Il giorno dopo, volammo a Kabul con tutta la famiglia. Dovetti rinunciare a tutto: scuola, compagni, esami, sogni e libri.
Quando arrivammo, Kabul non era ancora caduta e le ragazze andavano ancora a scuola. Desideravo unirmi a loro. Scrissi per me stessa la frase che divenne il mio mantra: “Sono venuta per sopravvivere”. Ogni giorno arrivavano notizie sui talebani che seminavano il terrore e conquistavano altre province. Eppure io speravo ancora di tornare a Balkh per poter riprendere la scuola.
Cinque giorni dopo, il 15 agosto, assistemmo però al rientro dei talebani a Kabul. Il presidente fuggì e ai talebani bastarono poche ore per assumere il potere; un mese dopo annunciarono il divieto per le ragazze di frequentare la scuola secondaria.
Ritratto di Robina Azizi con in mano un cartello che incoraggia a sostenere l'educazione delle ragazze in Afghanistan
Privata di ogni speranza di tornare a scuola, mi resi conto che dovevo fare qualcosa. Ripresi in mano i miei libri e iniziai a darmi da fare per un futuro migliore. Trovai dei corsi a Kabul, iniziai a studiare inglese e di nuovo a leggere. Poiché era pericoloso uscire per studiare, cercai di seguire i corsi clandestinamente. Giurai a me stessa che, nonostante gli innumerevoli problemi, avrei lottato per me stessa e le ragazze del mio paese. Cominciai a sensibilizzare le famiglie afgane, cercando di far capire l’importanza dell’istruzione delle figlie, insistendo perché le lasciassero proseguire gli studi.

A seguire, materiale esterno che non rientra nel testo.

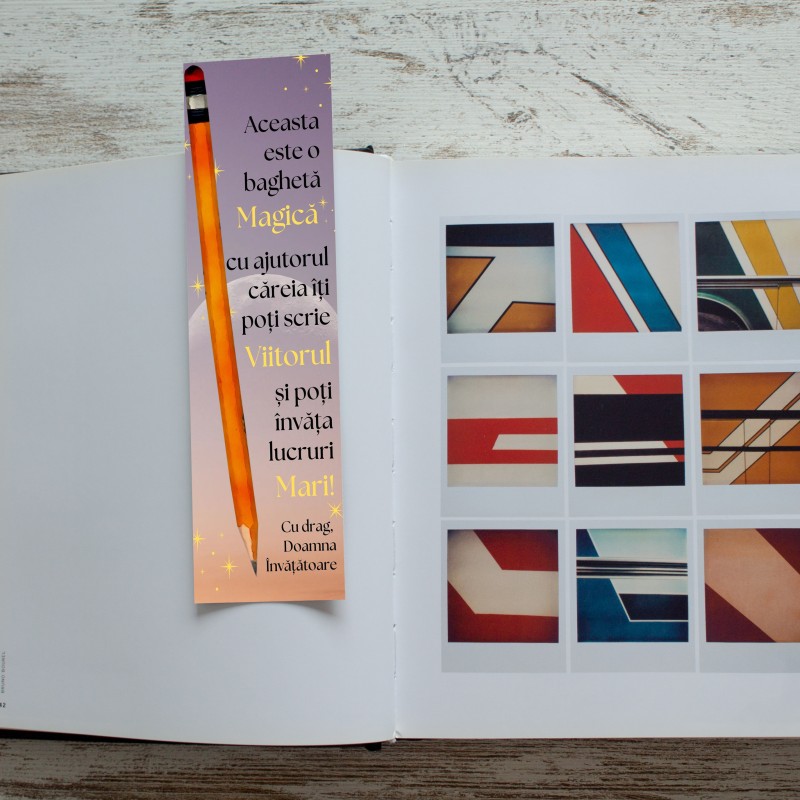 Semn de carte pentru venirea în clasa I sau revenirea la școală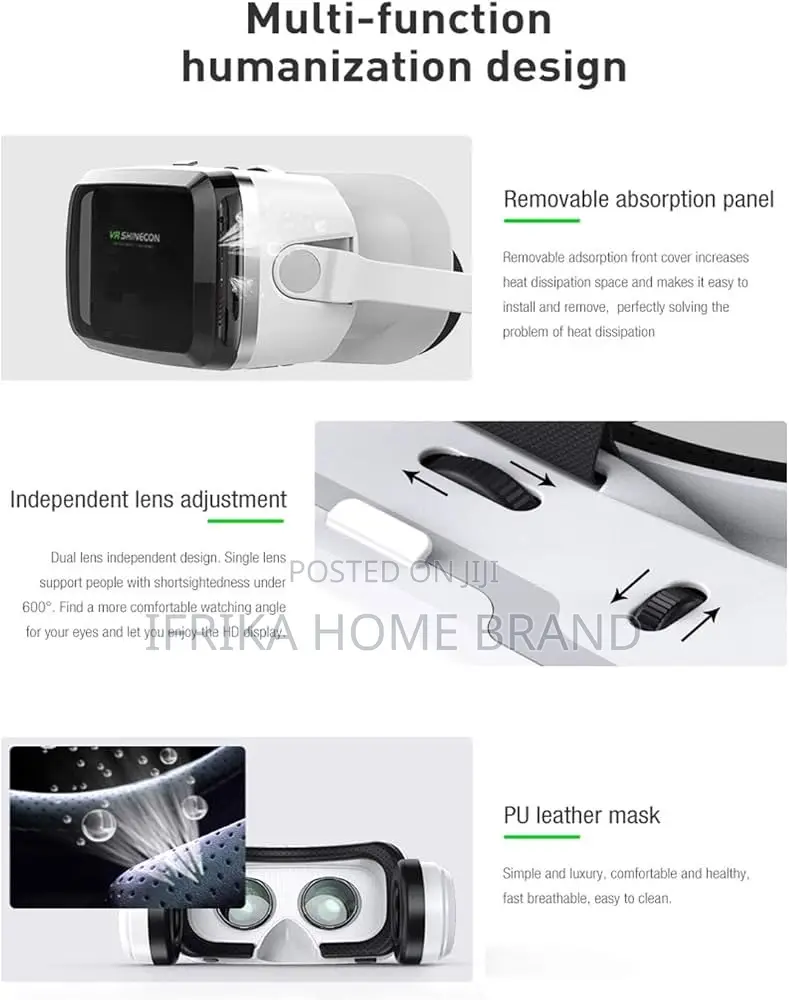 Vr Shinecon Headset +Bluetooth 3d Glasses Hd Virtual Reality Headset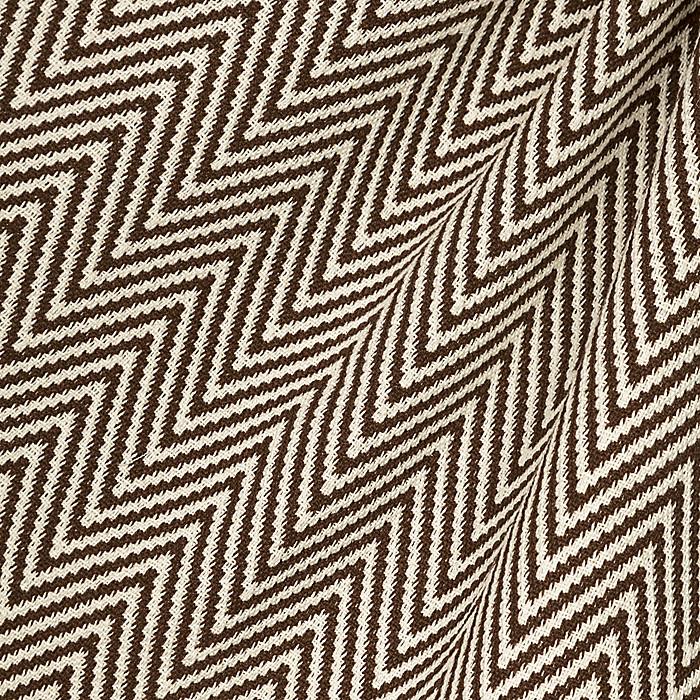 Fabric Swatch: Big Zig - Brown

Più tardi, con l’aiuto dei miei insegnanti, mi iscrissi a una scuola online, pur non avendo la documentazione necessaria. Mentre ero lì, incoraggiavo altre ragazze a unirsi a me e le aiutavo nei corsi di inglese. Man mano che i giorni passavano, iniziai ad abituarmi alle privazioni del rigido governo talebano sul paese. Per coltivare le mie doti e condividere la mia storia, parlavo con mezzi di informazione come Tolo e in altre trasmissioni riguardo all’importanza dell’istruzione per le ragazze.
Alla fine, per salvarci la vita e consentirmi di andare ancora a scuola, fummo costretti a lasciare l’Afghanistan. Sapevo che per me era necessario sostenere le mie compagne di classe, gli amici e chi era giù di morale e aveva bisogno di aiuto. Dopo tutto, avevo provato io stessa cosa significa sentirsi togliere la possibilità di studiare in Afghanistan. Pensavo sempre a queste ragazze e volevo essere loro accanto. Fondai Girls on the Path of Change per far sentire più forte le loro voci, far conoscere ad altri le loro sfide e storie e creare un canale che consentisse loro di accedere all’istruzione online e continuare a studiare.
Procedendo ancora oltre, ora lavoro con organizzazioni come Amnesty International affinché si mantenga la pressione internazionale e perché i governi nelle varie parti del mondo siano messi di fronte alle loro responsabilità per la debole posizione contro l’esercizio sistematico di abusi e discriminazioni da parte dei talebani [nei confronti di donne e ragazze], che si configura come persecuzione basata sul genere.
In quanto ragazza vissuta in Afghanistan a cui è stato sottratto il diritto all’istruzione, esorto tutti a sostenere l’istruzione delle ragazze. L’istruzione è essenziale e le ragazze in Afghanistan non devono restare analfabete. L’Afghanistan ha bisogno di donne forti e istruite. Non dobbiamo mollare, anche se dobbiamo condurre la lotta dalle nostre case. Insieme dobbiamo prendere saldamente posizione, proseguire con determinazione e dimostrare che l’ignoranza dei talebani non ha speranza dinanzi alla potenza della conoscenza e dell’istruzione.